--- Supplied data Enclosed Below ---
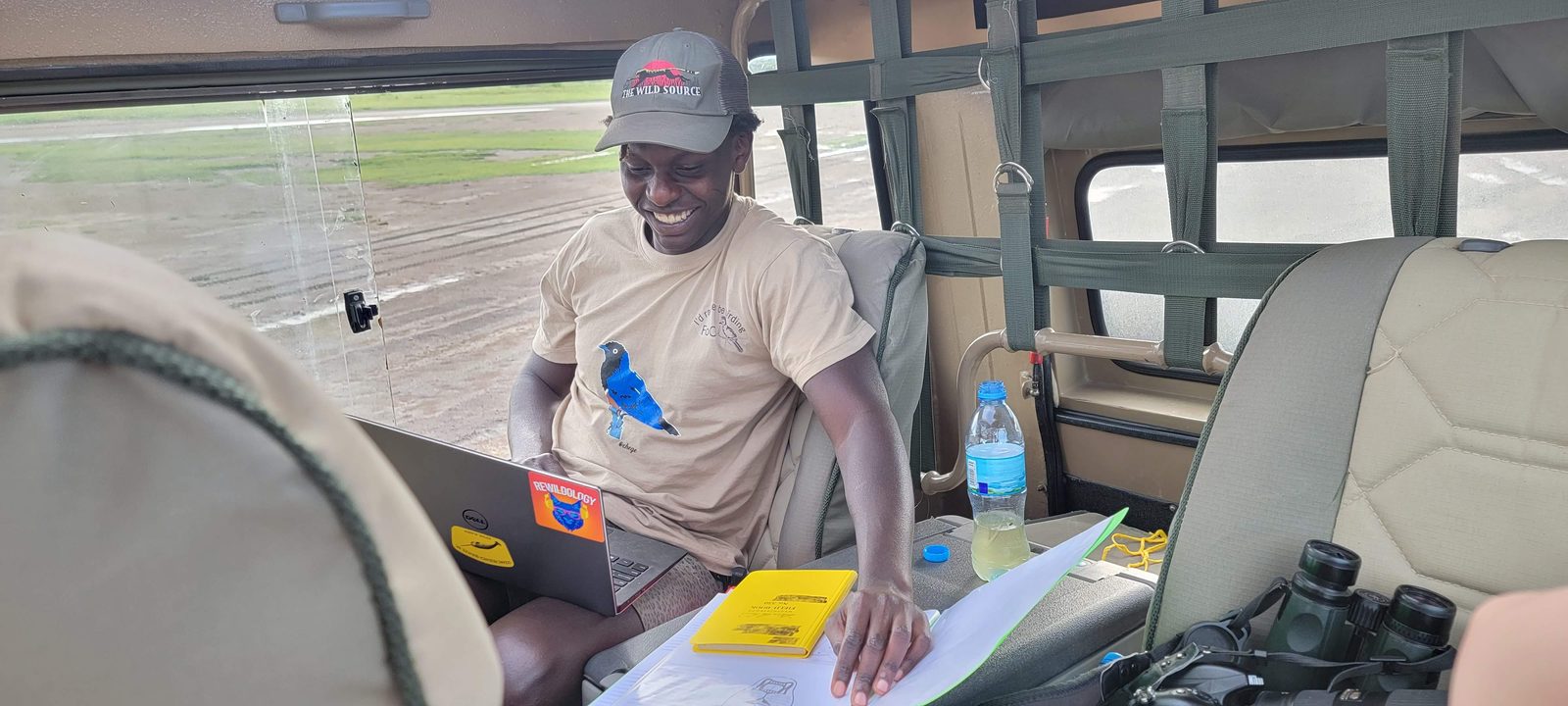 A guide in a safari vehicle recording sightings on a laptop and printed data sheets, binoculars beside him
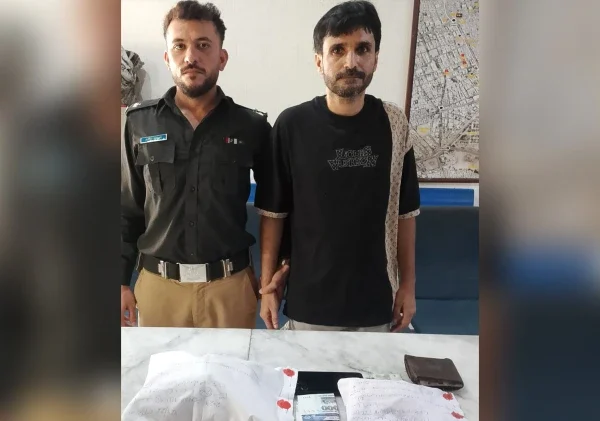East District Police officials with seized narcotics after arresting a suspected drug trafficker in Karachi's Jamshed Quarters.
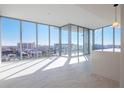Bright living room featuring floor-to-ceiling windows offering panoramic city views and lots of natural light at 777 3Rd N Ave # 1308, St Petersburg, FL 33701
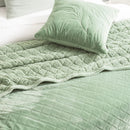 Luxurious eucalyptus colour velvet blanket featuring diamond design.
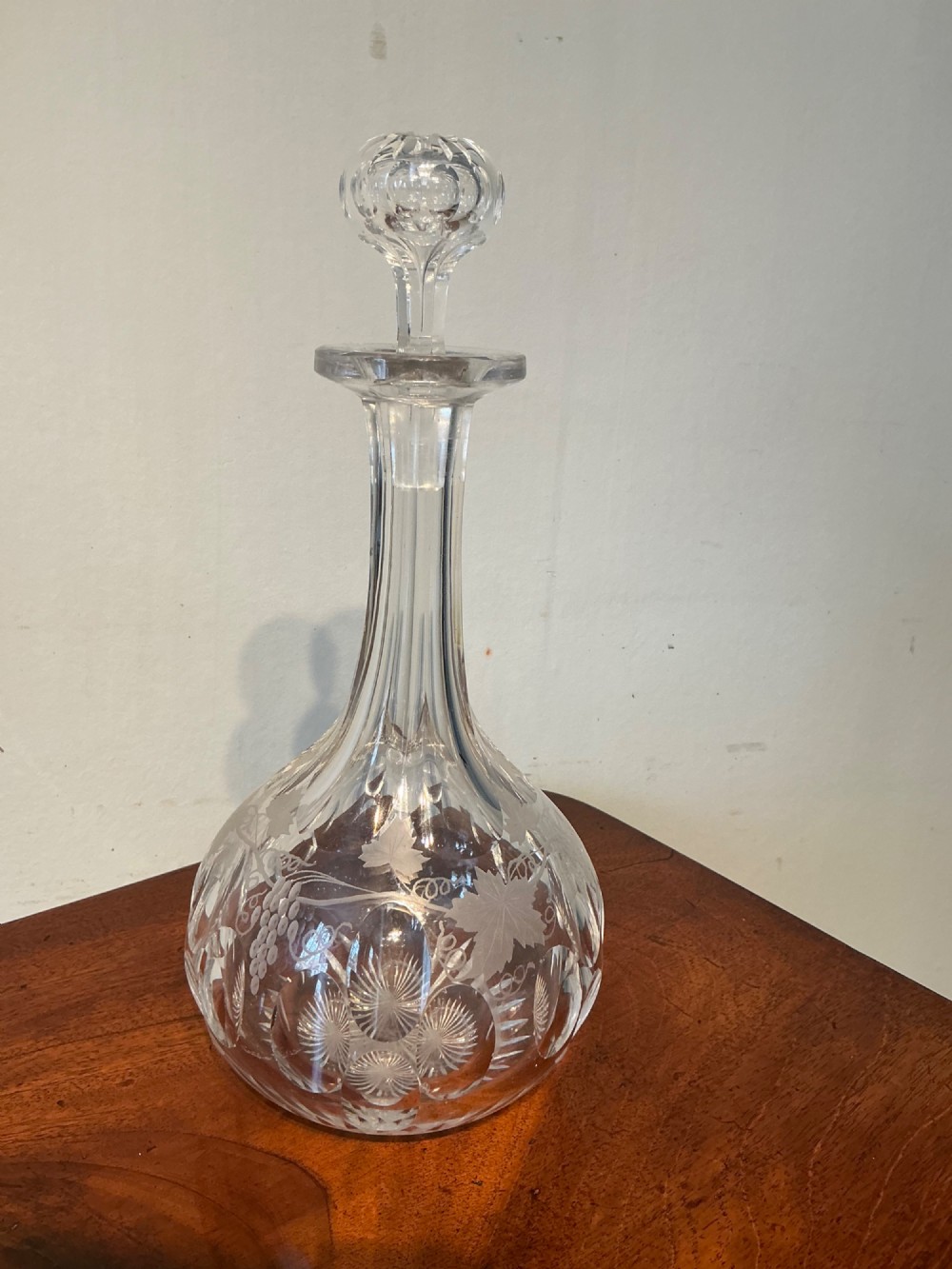 A Victorian clear cut glass decanter featuring etched grapevine motifs, starburst cuttings, a fluted neck, and a faceted glass stopper. View II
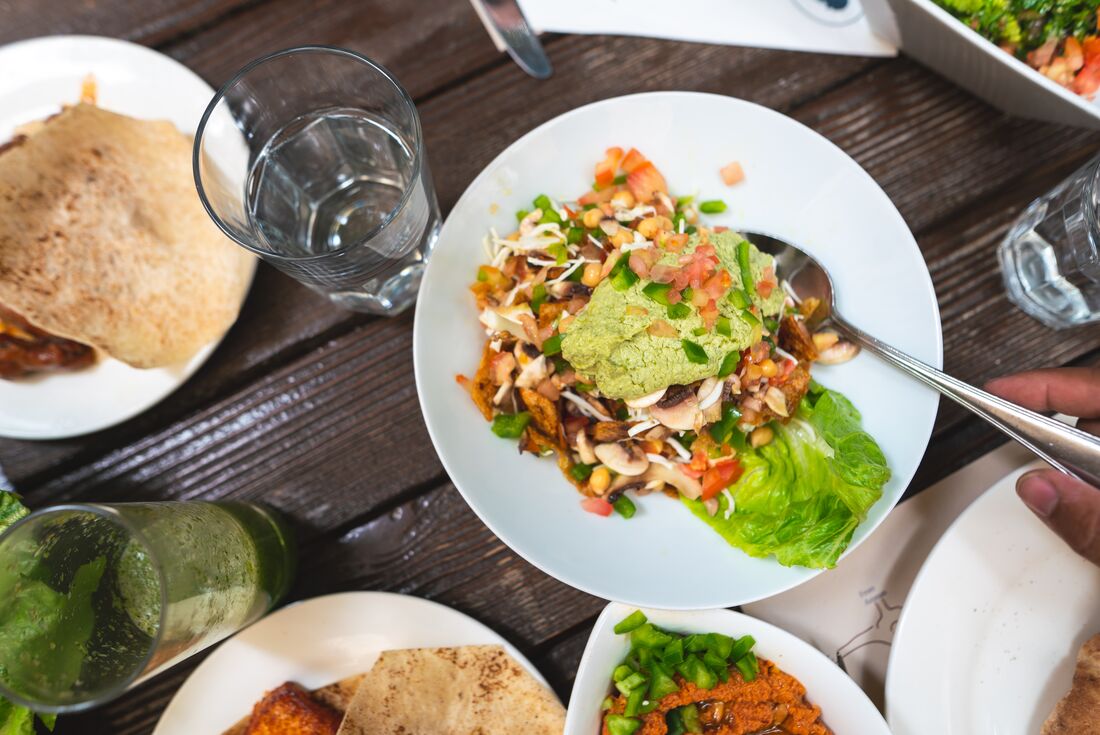Bean dish and flat bread on wooden table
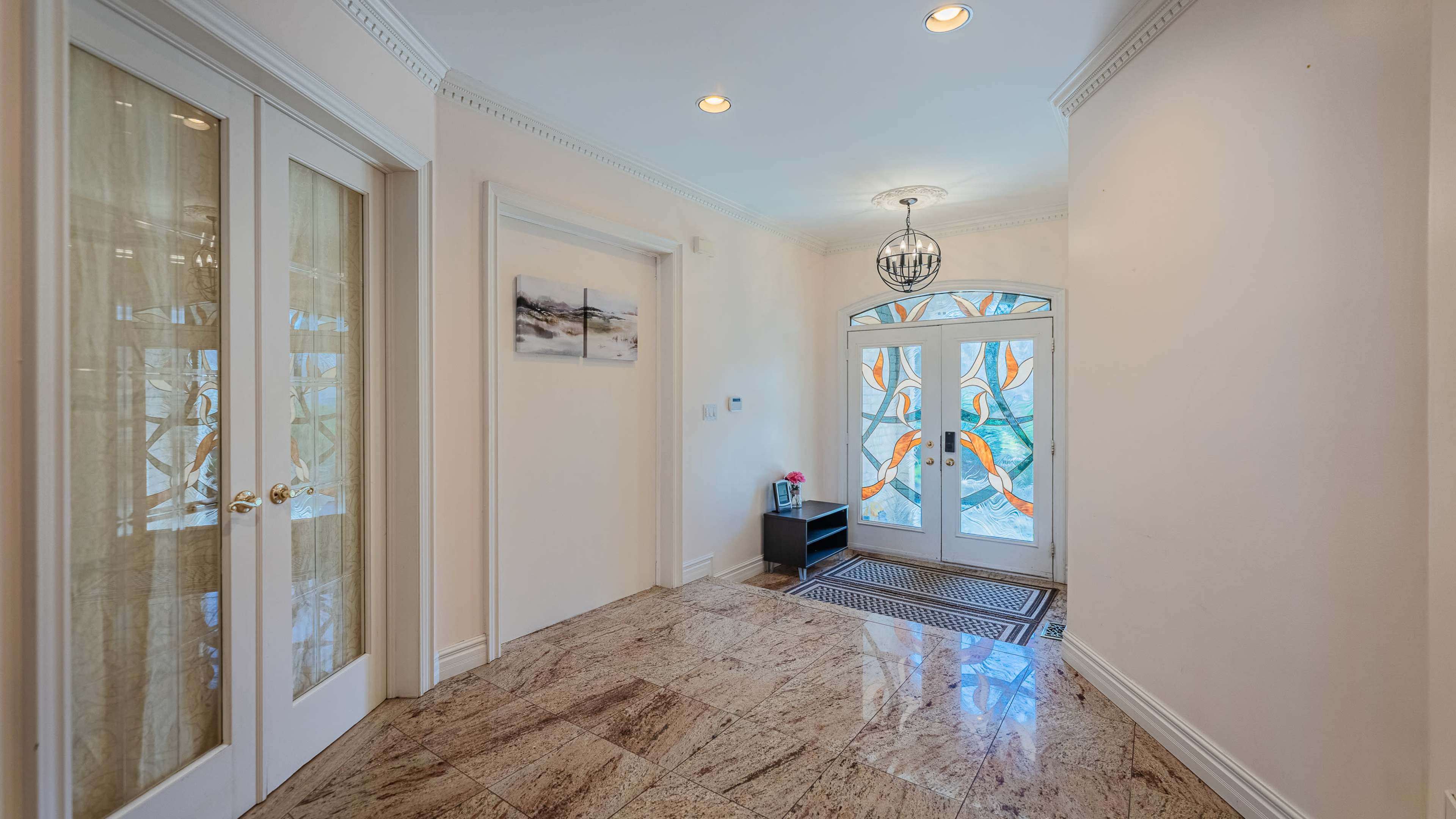 The image shows a spacious entryway with marble flooring, a decorative glass door featuring colorful designs, and a modern light fixture.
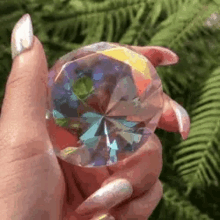 a woman 's hand is holding a large diamond shaped crystal .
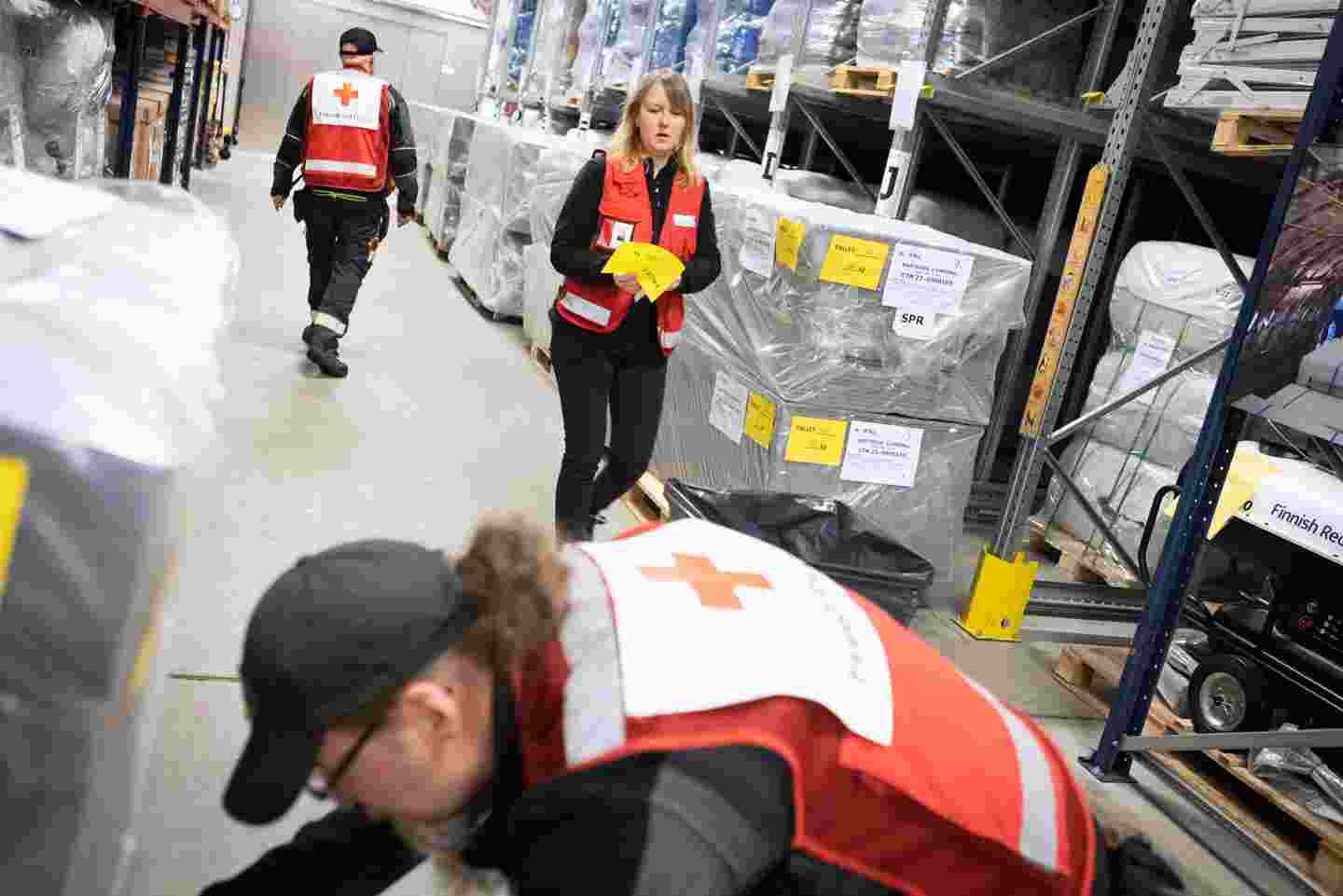Three people working in a storage facility between shelves filled with aid supplies.
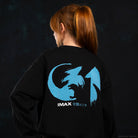 A person shown from behind wearing a black sweatshirt with a large light blue and white IMAX Godzilla graphic on the back, set against a dark textured background.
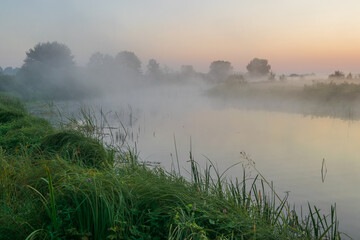 misty morning on the river in village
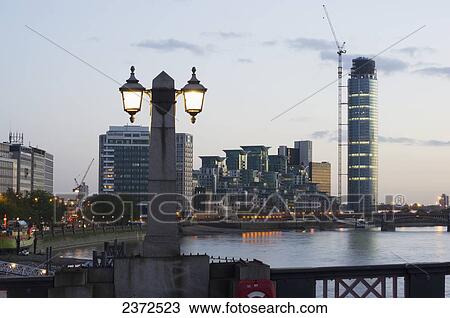 Lamp post illuminated at dusk and buildings along the waterfront; London, England View Large Photo Image Stock Image - Lamp post illuminated at dusk and buildings along the waterfront; London, England. Fotosearch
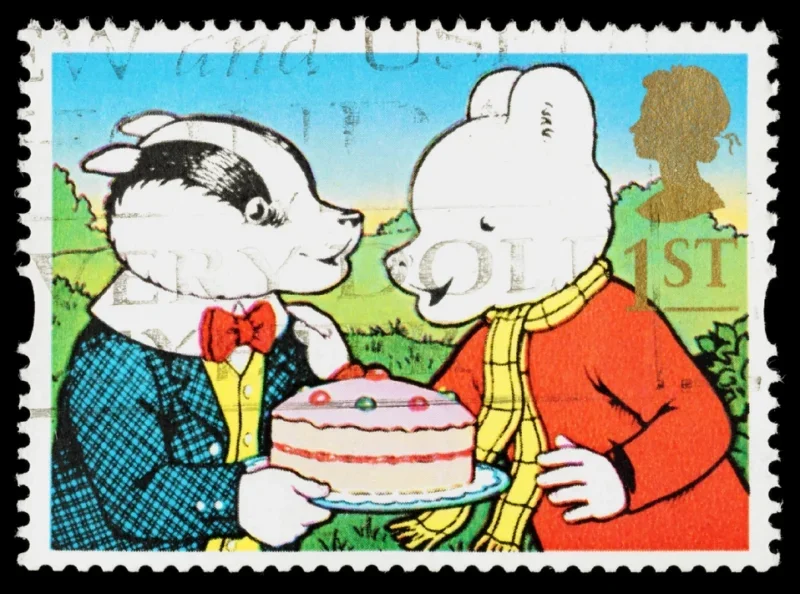 A used postage stamp printed in Britain showing Rupert Bear and Bill Badger holding a cake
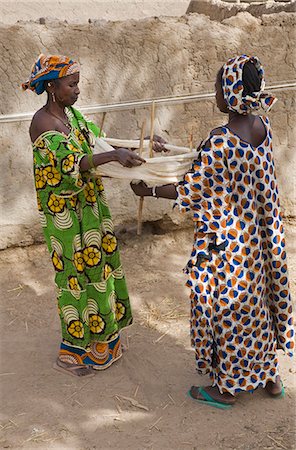 fil (textile) - Mali, Senossa. Deux femmes Peul préparent des écheveaux de fils de coton de la grande longueur, qu'ils ont tourné autour des murs de leur maison. Le Mali est le deuxième plus grand producteur de coton de l'Afrique. Photographie de stock - Rights-Managed, Code: 862-03364149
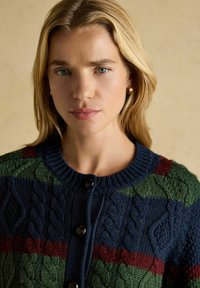 Pletený kardigán s okrúhlym výstrihom. Má viacerými farbami pruhy v námorníckej modrej, zelenej a burgundskej farbe. Tlačidlá sú vyrobené z tmavohnedého materiálu.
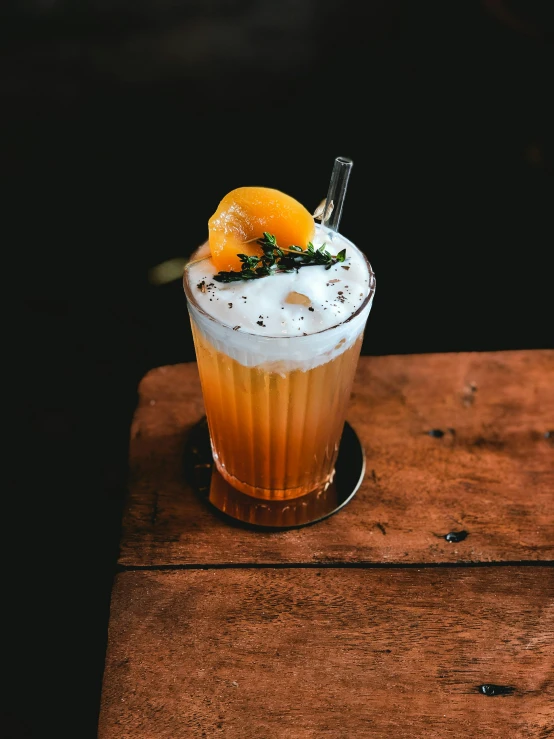 a drink sitting on top of a wooden table, a portrait, unsplash, (light orange mist), server, slush)), trending photo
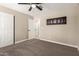 This is a standard bedroom with carpet, closet and ceiling fan at 3302 N 40Th Dr, Phoenix, AZ 85019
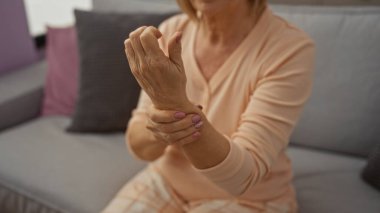 Olgun bir kadın evinde rahat bir oturma odasında otururken bileğini rahatsızlık içinde tutar..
--- End of Enclosed Supplied data ---
_Task instructions:_
Begin at the first line of the records. Print every line through the one containing "misty morning on the river in village" exactly, but skip the pictures.

_Solution to this exercise:_
 A guide in a safari vehicle recording sightings on a laptop and printed data sheets, binoculars beside him
East District Police officials with seized narcotics after arresting a suspected drug trafficker in Karachi's Jamshed Quarters.
Bright living room featuring floor-to-ceiling windows offering panoramic city views and lots of natural light at 777 3Rd N Ave # 1308, St Petersburg, FL 33701
 Luxurious eucalyptus colour velvet blanket featuring diamond design.
 A Victorian clear cut glass decanter featuring etched grapevine motifs, starburst cuttings, a fluted neck, and a faceted glass stopper. View II
Bean dish and flat bread on wooden table
 The image shows a spacious entryway with marble flooring, a decorative glass door featuring colorful designs, and a modern light fixture.
 a woman 's hand is holding a large diamond shaped crystal .
Three people working in a storage facility between shelves filled with aid supplies.
 A person shown from behind wearing a black sweatshirt with a large light blue and white IMAX Godzilla graphic on the back, set against a dark textured background.
 misty morning on the river in village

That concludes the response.